Quand la nuit tombe, quelques feux brûlent. De charbon, de papier, de morceaux de bois. Presque une centaine de personnes traînent au square, deux fois plus que le jour. Des camionnettes de la police municipale restent garées devant. « Ils sont là pour nous surveiller ou pour veiller sur nous, je vous laisse deviner. » Mirlène occupe une des tentes du fond, en dessous d’un gros parasol rouge floqué d’un cœur blanc sur sa toile. Cette jeune femme haïtienne avait déjà été interviewée par Brut, lorsqu’elle vivait à la « colline » en 2019, puis en 2020 par le même média. « Ça a servi à rien tout ça. Moi je suis toujours à la recherche de solutions. » Mirlène crie et pleure. Elle est épuisée. « Tu sais que nous aussi on était habitués à être dans une maison avant d’être ici ? »

Salubrité publique

Le peu d’affaires que les occupants du square possèdent doivent être déplacées tous les matins. Les abris de fortune doivent être démontés, et les tentes vidées. Depuis le déplacement des consommateurs de crack sur ce secteur, les services de sécurité et de propreté de la ville de Paris, en coordination avec la police municipale, ont mis en place ces opérations dans un objectif de salubrité publique. « Vers 8, 9 ou 10 heures, pas trop tôt, tous les matins, on leur demande de prendre leurs affaires, et on nettoie », explique au Monde la Mairie de Paris. « On empêche les constructions en dur, car tout l’enjeu est d’éviter de rentrer dans une logique de campement. On ne veut pas reconstruire de colline. Le but, c’est que le square soit le plus propre possible malgré leur présence. » Ils embarquent aussi tous les encombrants. Pas de canapé, de fauteuil, de chariot de courses. Rien qui ne puisse permettre du long terme.

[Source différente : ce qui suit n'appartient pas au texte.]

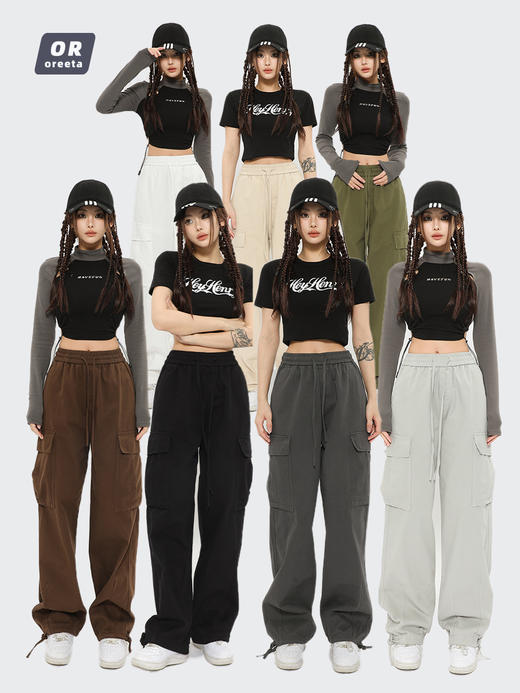 【秋冬多功能！时尚潮牌】OREETA丨秋冬多功能日系工装裤，潮牌大口袋工装裤女阔腿工装裤男款，方便携带物品；阔腿剪裁，舒适自由；秋冬必备 商品图0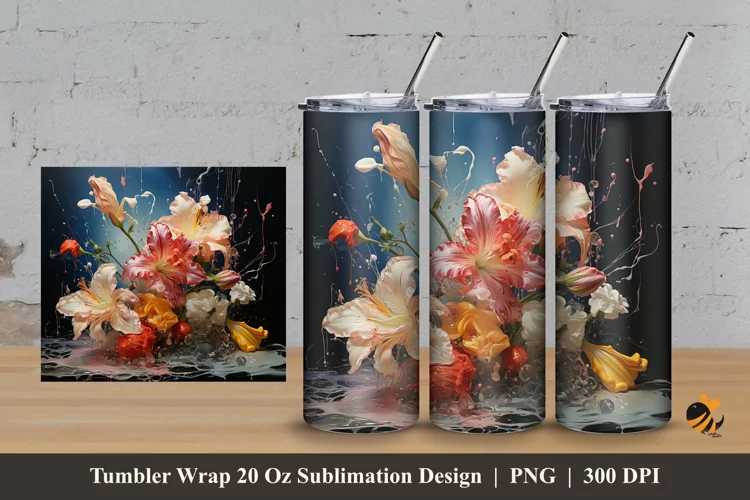 Floral Paint Splash Tumbler Wrap Sublimation Design 3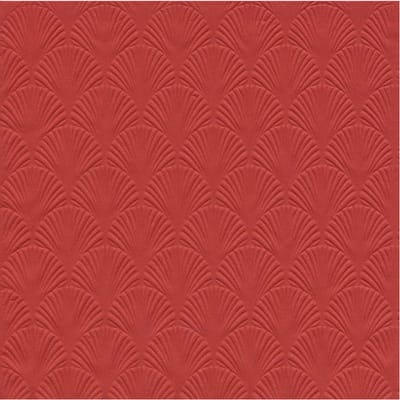 Ihr Servet Luxe - 32x - 3-laags - met schub patroon - rood - 33 x 33 cm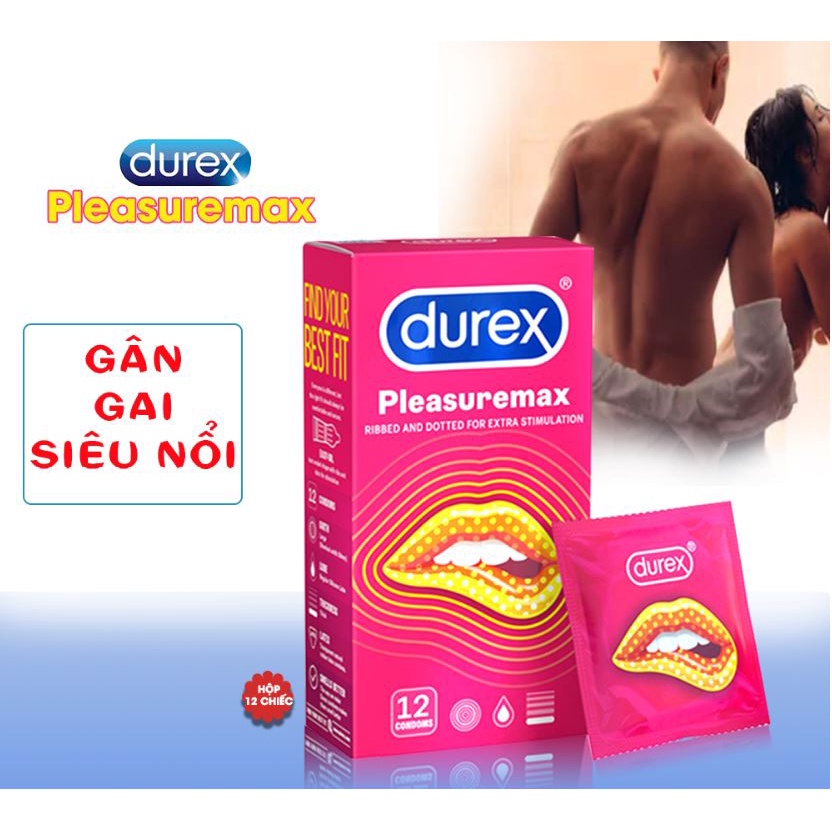 [Mua 3 Tặng 1] - BCS Durex PleasureMax Hộp 12 Cái - Loại Gân Gai Tăng Khoái Cảm Cực Đã - Ngăn Xuất Tinh Sớm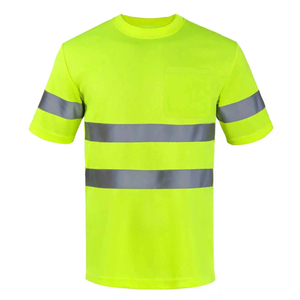 Camiseta de Seguridad de Alta Visibilidad para Hombre, Calidad Premium, ANSI Clase 1 EN ISO 20471 Clase 2, Franjas Reflectantes Amarillas con LED Intermitente, Manga Corta - Product Image 1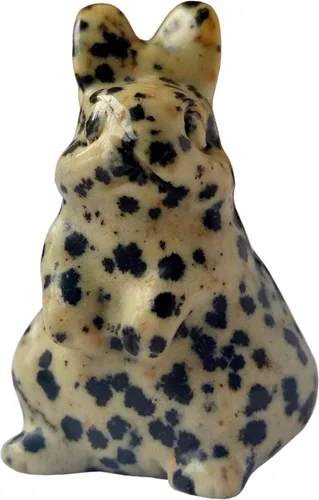 Miniatura 15 de Estatua de conejo tallada a mano de jade amarillo natural, cristales de 1.5 pulgadas y piedras curativas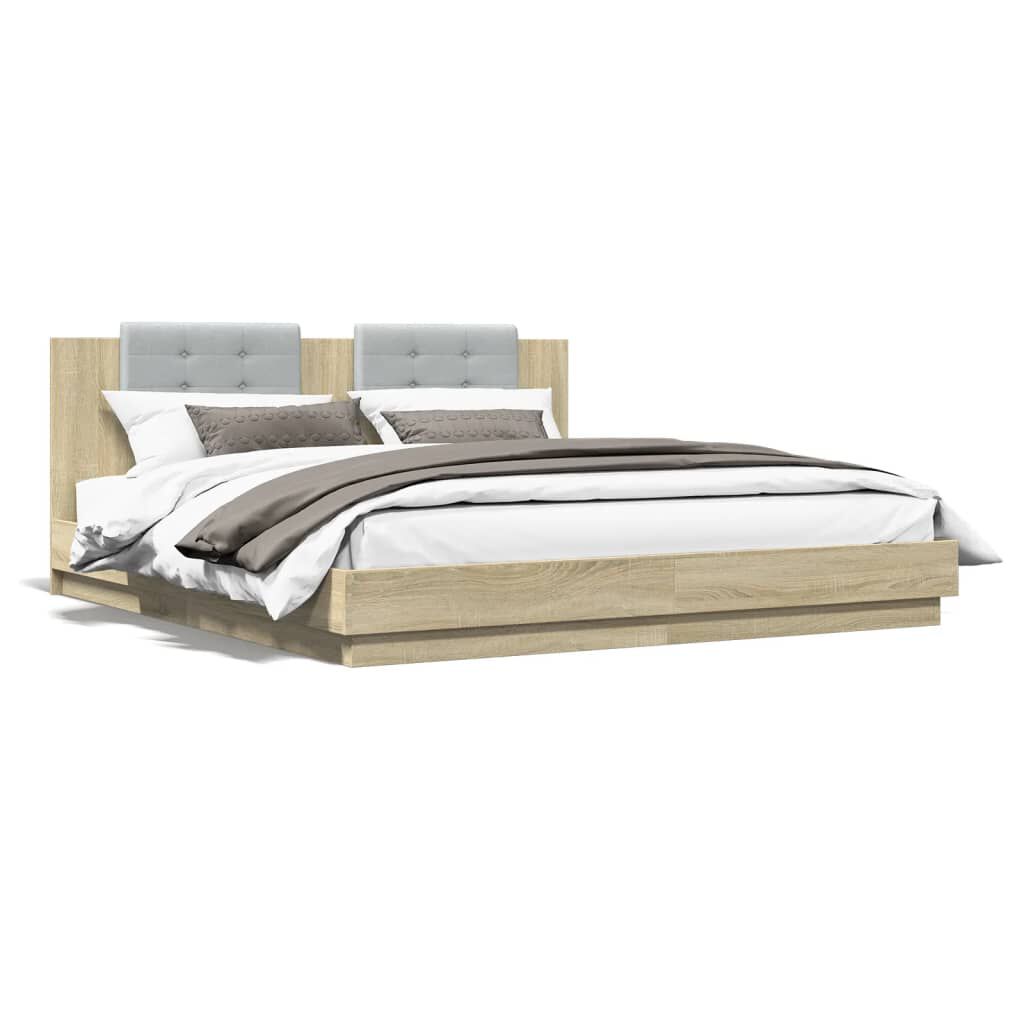 vidaXL Πλαίσιο Κρεβατιού με Κεφαλάρι Sonoma Δρυς 180x200εκ. Επεξ. Ξύλο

« Si on veut rester ici c’est pas qu’on est bien, c’est qu’on a nulle part ailleurs », justifiait plus tôt dans la soirée un usager qui vit ici, jour et nuit, quand il n’est pas au bord du périphérique, la main tendue aux voitures. « Vous pouvez pas comprendre de toute façon, mais mets bien ça dans ton journal : l’enfer c’est pas ce truc avec les flammes et le diable avec les cornes. C’est ici. C’est nos vies. » Leurs vies qui parfois croisent la mort. Le corps d’une jeune femme a été retrouvé, jeudi 28 octobre, dans le square. Le parquet de Paris a ouvert une enquête le jeudi suivant, pour déterminer les causes exactes du décès.